Bank of Japan data released on Tuesday showed Tokyo spent 2.14 trillion yen ($13.5 billion) on interventions last Friday. Combined with the estimated amount spent on Thursday, Japan is believed to have bought almost 6 trillion yen through intervention last week.
“It is important that exchange rates move stably to reflect fundamentals. Excessive volatility is undesirable,” Hayashi told a regular news conference before the release of the BOJ data.
“We will closely monitor exchange rate developments and stand ready to take all possible measures,” he said.
Hayashi declined to comment when asked whether Tokyo intervened in the currency market last week to support the yen for two days in a row.
Japanese authorities have recently made it standard practice not to confirm whether or not they have intervened in the foreign exchange market.
But traders suspect Tokyo has intervened in the market to lift a currency that has fallen to a 38-year low, once on Thursday after a cooler-than-expected inflation report in the US caused a jump in the yen. and again on Friday.
The yen rose 3% against the dollar to 157.40 after Thursday’s suspected intervention.
But it lost most of its ground and stood at 158.45 on Tuesday, not far from the 160 mark seen as Japanese authorities’ line for currency intervention.
Some analysts see similarities between last week’s suspected intervention and May 1, when Fed Chairman Jerome Powell’s dovish comments weighed on the dollar.

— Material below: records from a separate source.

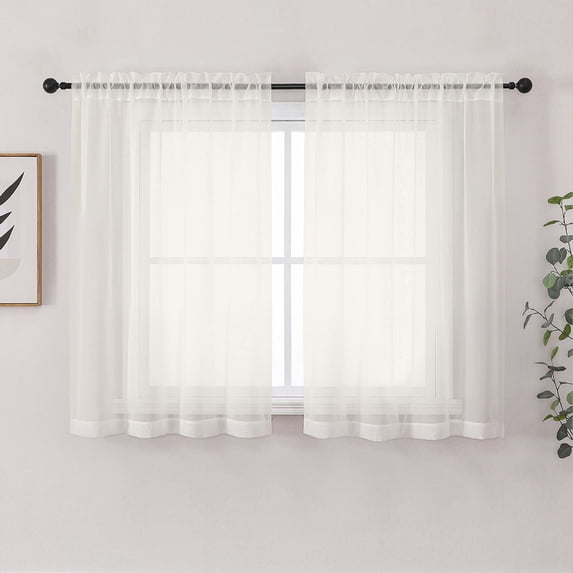 Chyhomenyc Cream Short Sheer Curtains 45 Inch Length for Small Windows, Light Filtering Rod Pocket Solid Soft Voile Sheer Window Curtain Drapes for Bedroom Living Room,Each 42"W x 45"L, 2 Panels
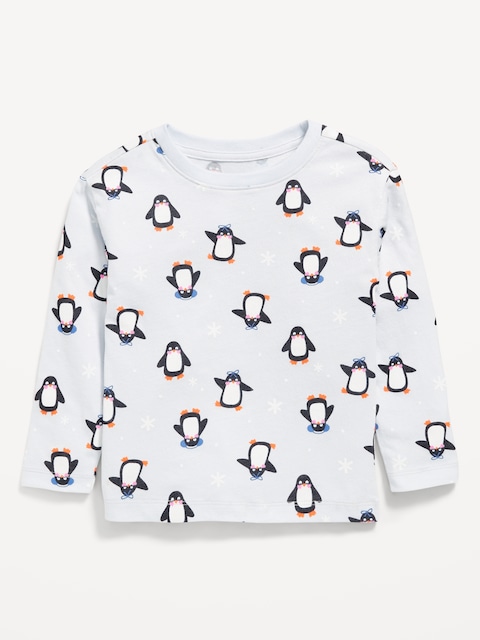 Printed Long-Sleeve T-Shirt for Toddler Girls - Penguins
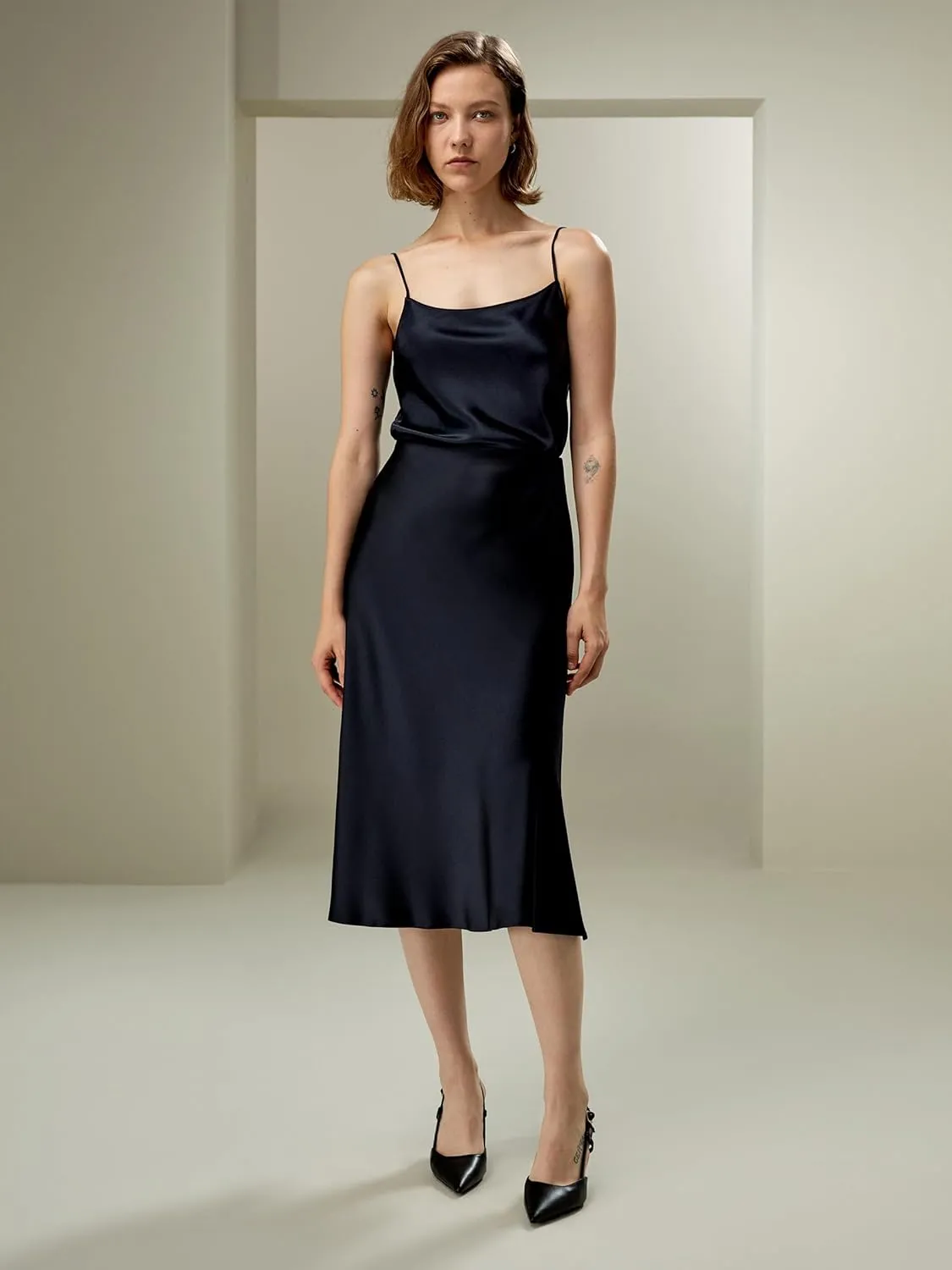 LilySilk Silk Midi Skirt Bias-Cut 32Momme Double-Faced 100% Silk Charmeuse Side Slit Hem Waistband
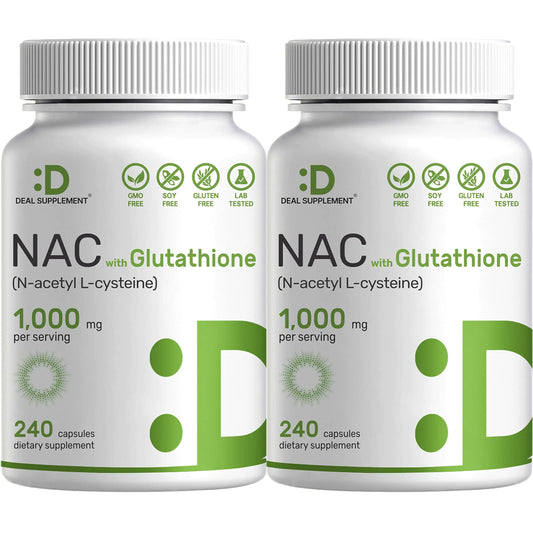 2 Pack NAC Supplement (N-Acetyl Cysteine) 1000mg Serving with Reduced Glutathione 480 Capsules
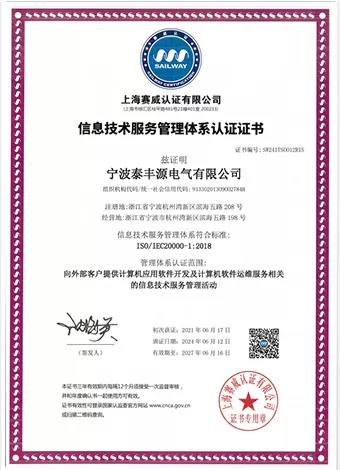 ISO20000 Information Technology Service Management System Certificate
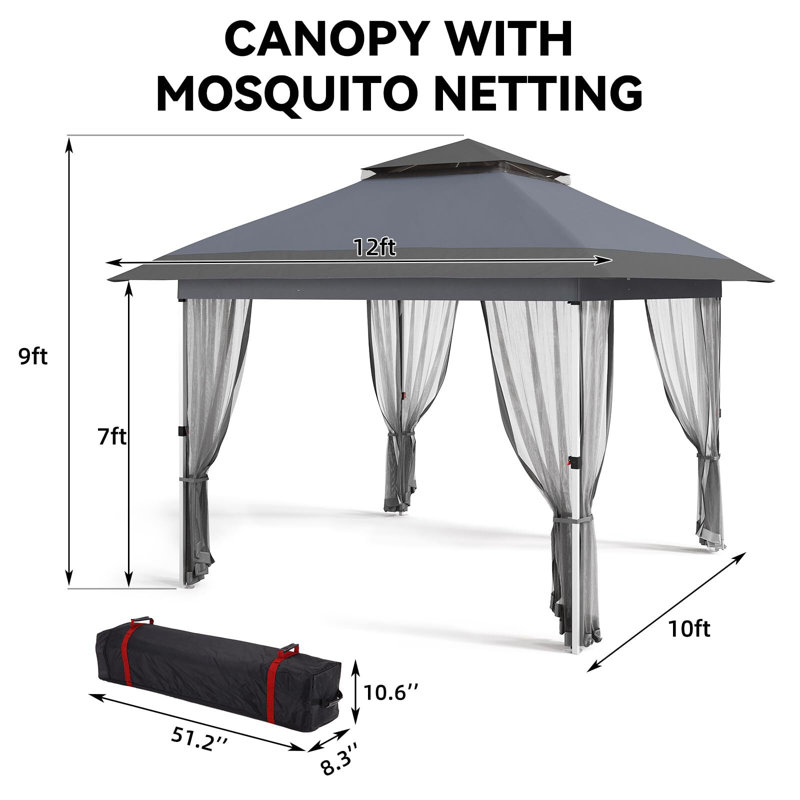 Patio extérieur en métal , 12 pi x 12 pi, Gris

In both cases, Tokyo likely intervened when the dollar was already trailing against the yen, said Masafumi Yamamoto, chief currency strategist at Mizuho Securities.
“This time the intervention came at a time when the dollar/yen was not necessarily rising sharply,” he said. “This suggests that authorities were more concerned about the level of the yen, which is below 160 (against the dollar), and rather about the speed of the decline.”
While a weak yen provides a boost to exporters, it has become a concern for Japanese policymakers as it hurts consumption by inflating the cost of importing fuel and food.
Markets are turning their attention to the Bank of Japan’s two-day policy meeting ending on July 31, with some traders betting that interest rates could be raised from current near-zero levels to help slow the yen’s decline.